▸ **Work instruction**
Begin at the line that holds "кецове / маратонки" and copy each line exactly until the data below ends, including that last line but no pictures.
+++ Given records +++
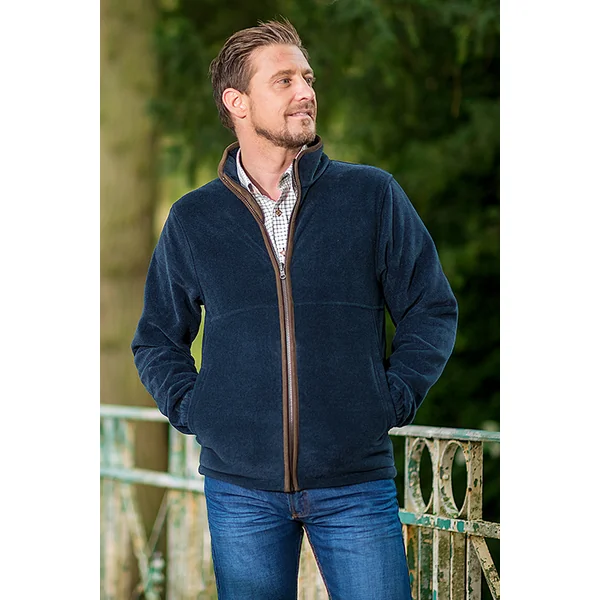 Baleno Henry Fleece Chaqueta Navy Blue L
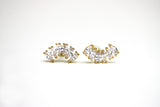Aretes con circonias marquise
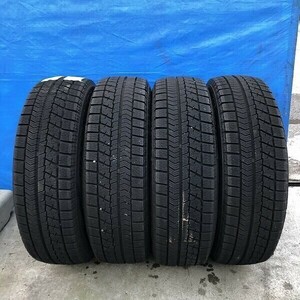 ★保管袋付★ (PW6A001) 175/65R15 84Q BRIDGESTONE BLIZZAK VRX 2020年 4本 スタッドレスタイヤ 送料無料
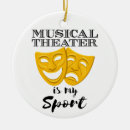 Search for musical theatre ornaments Theater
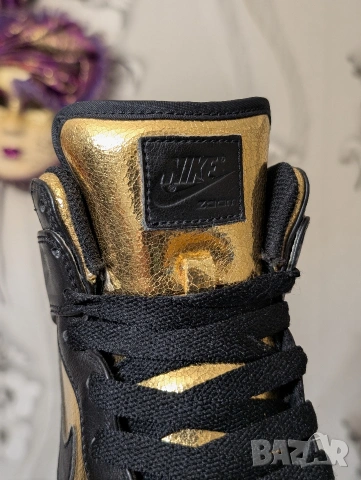 кецове / маратонки Nike ID Women's Zoom Hi Top номер 40 ,5 , снимка 9 - Кецове - 54184104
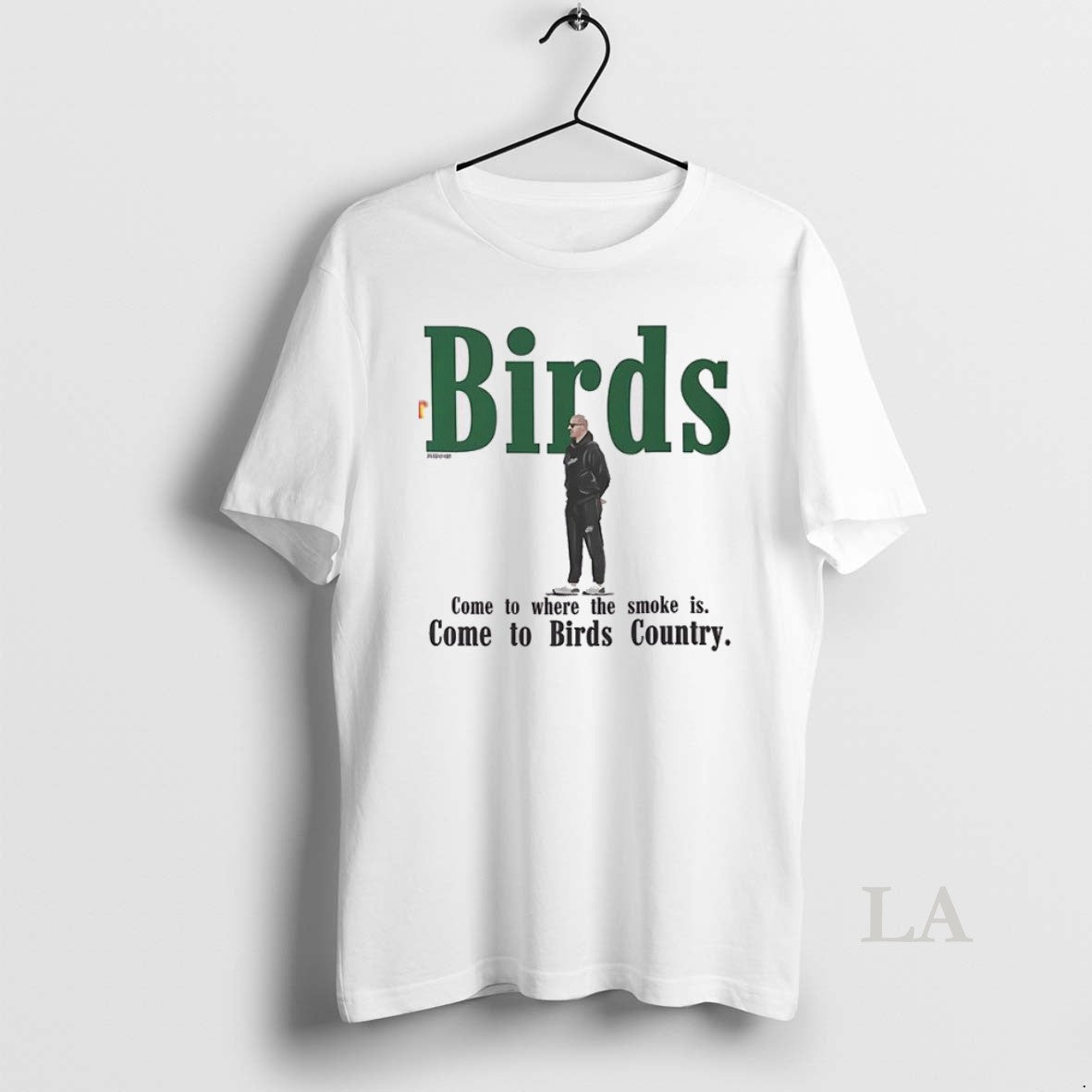 Original Birds Come To Where The Smoke Is Come To Birds Country - clothing by TeeHivey.com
+++
▸ **Problem solution**
 кецове / маратонки Nike ID Women's Zoom Hi Top номер 40 ,5 , снимка 9 - Кецове - 54184104
 Original Birds Come To Where The Smoke Is Come To Birds Country - clothing by TeeHivey.com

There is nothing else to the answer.